When clients depart and take the cash with them

It is always sad, when a solicitor and a client part company during the course of litigation, and such sadness can rapidly develop into financial pain, on a former solicitors part, if his client goes on to recover the costs he has agreed to pay the solicitor from the opposing side in litigation and then does a runner with the cash.

In such circumstances, it is commonly thought, that all the unfortunate solicitor can do, is gnash his teeth, and consider a (probably) fruitless claim for breach of contract against the defaulting client: who may well have disappeared, or if traceable, will have quickly dissipated the cash.

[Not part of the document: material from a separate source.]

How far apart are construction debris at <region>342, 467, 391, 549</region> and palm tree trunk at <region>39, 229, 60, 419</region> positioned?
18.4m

In such a context the recent case of Khans.v.Chifuntwe and the Home Office [2013] EWCA Civ 841 is of considerable interest.

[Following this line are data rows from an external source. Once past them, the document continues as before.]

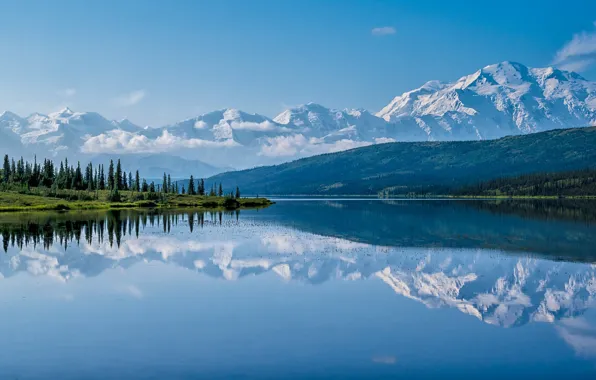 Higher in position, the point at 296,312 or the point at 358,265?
the point at 358,265

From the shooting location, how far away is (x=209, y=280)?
1871 inches

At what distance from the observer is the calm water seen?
24625 mm

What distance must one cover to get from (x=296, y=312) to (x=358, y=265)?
859 inches

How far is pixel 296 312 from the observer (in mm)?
35250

The facts were set out with care by Lord Justice Sedley:

1. Mr Chifuntwe, the first respondent to this appeal, had a dispute with the HomeSecretary, who is the second respondent. He instructed Khans Solicitors and paid them £1500 on account of their fees. Khans instructed counsel and brought judicial review proceedings on his behalf. The Home Secretary settled the claim and agreed to pay Mr Chifuntwe’s costs. Khans submitted a bill for just under £9,500; in July 2011 the Home Office offered £6,000 in settlement of it.

2. At this point Mr Chifuntwe wrote a letter to the Treasury Solicitor’s costs draftsmen, dated 2 August 2011, with copies to his lawyers. The letter withdrew his instructions to solicitor and counsel with immediate effect, accepted the Treasury Solicitor’s offer of £6,000 in settlement of his costs and required the money to be paid directly to him. The letter continued:

“… it is my understanding that since I have already paid my solicitors money they have shown little interest particularly in helping me to get my full recoverable costs back.”

It went on to express concern that

“… my recoverable money is at risk of being reduced or even not paid back at all…”

3. Two comments should be made on this letter. First, it fails to say that not more than £1,500 of the recoverable costs were owed to Mr Chifuntwe; the rest was Khans’. Secondly, this court has no reason to think that Khans were in fact mishandling Mr Chifuntwe’s case in any material respect.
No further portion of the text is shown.